Modern GPUs for AI and HPC applications come with a finite amount of high-bandwidth memory (HBM) built into the device, limiting their performance in AI and other workloads. However, new tech will allow companies to expand GPU memory capacity by slotting in more memory with devices connected to the PCIe bus instead of being limited to the memory built into the GPU — it even allows using SSDs for memory capacity expansion, too. Panmnesia, a company backed by South Korea's renowned KAIST research institute, has developed a low-latency CXL IP that could be used to expand GPU memory using CXL memory expanders.
The memory requirements of more advanced datasets for AI training are growing rapidly, which means that AI companies either have to buy new GPUs, use less sophisticated datasets, or use CPU memory at the cost of performance.
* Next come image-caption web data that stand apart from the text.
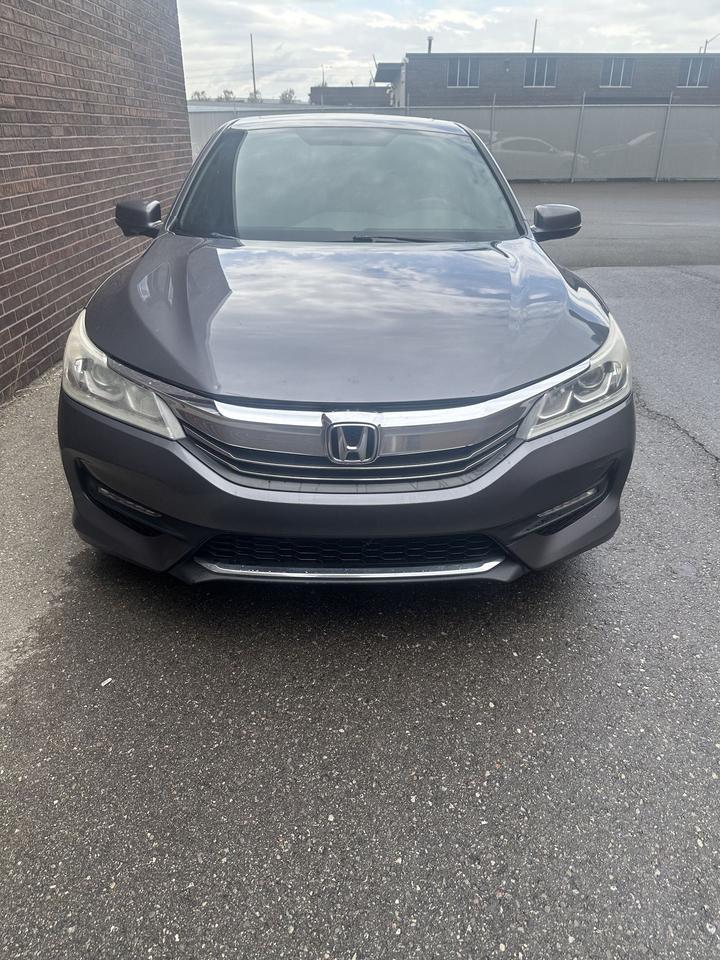 2017 Honda Accord Sedan SPORT PKG, SUNROOF, ALLOYS, CAR PLAY, BACKUP CAM Photo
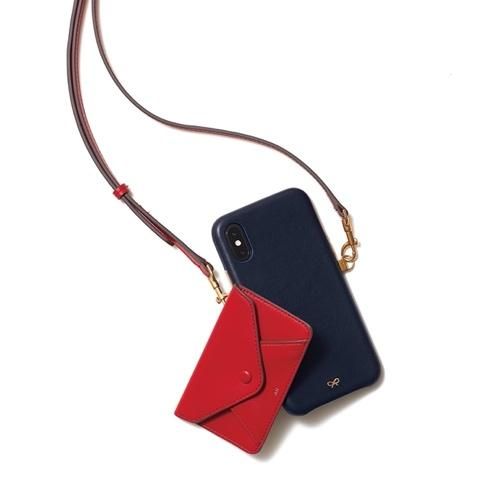 ママの運動会コーデ 便利小物・ANYA HINDMARCHのスマホショルダー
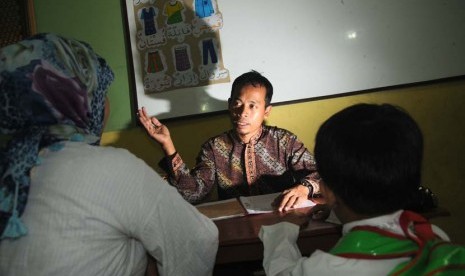 konsultasi orangtua murid dengan guru (ilustrasi).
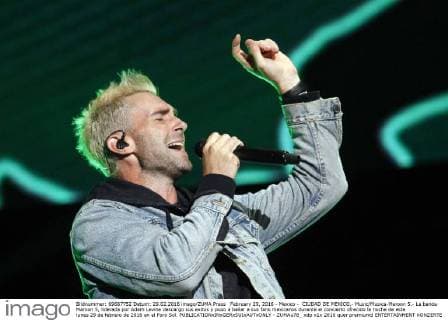February 29, 2016 - Mexico - CIUDAD DE MEXICO.- Music Musica-Maroon 5.- La banda Maroon 5, liderada por Adam Levine descargo sus exitos y puso a bailar a sus fans mexicanos durante el concierto ofrecido la noche de este lunes 29 de febrero de 2016 en el Foro Sol.  - ZUMAu78_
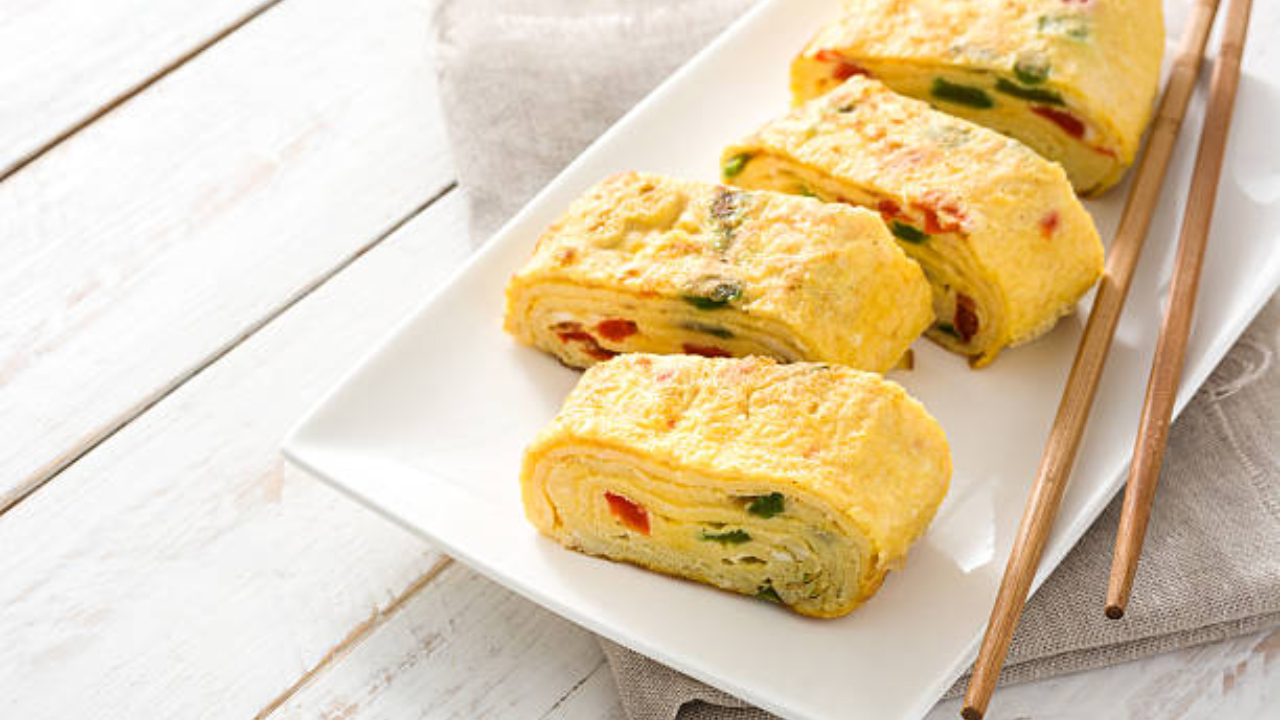 Tamagoyaki (Japanese rolled omelet)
Although CXL is a protocol that formally works on top of a PCIe link, thus enabling users to connect more memory to a system via the PCIe bus, the technology has to be recognized by an ASIC and its subsystem, so just adding a CXL controller is not enough to make the technology work, especially on a GPU.
Panmnesia faced challenges integrating CXL for GPU memory expansion due to the absence of a CXL logic fabric and subsystems that support DRAM and/or SSD endpoints in GPUs. In addition, GPU cache and memory subsystems do not recognize any expansions except unified virtual memory (UVM), which tends to be slow.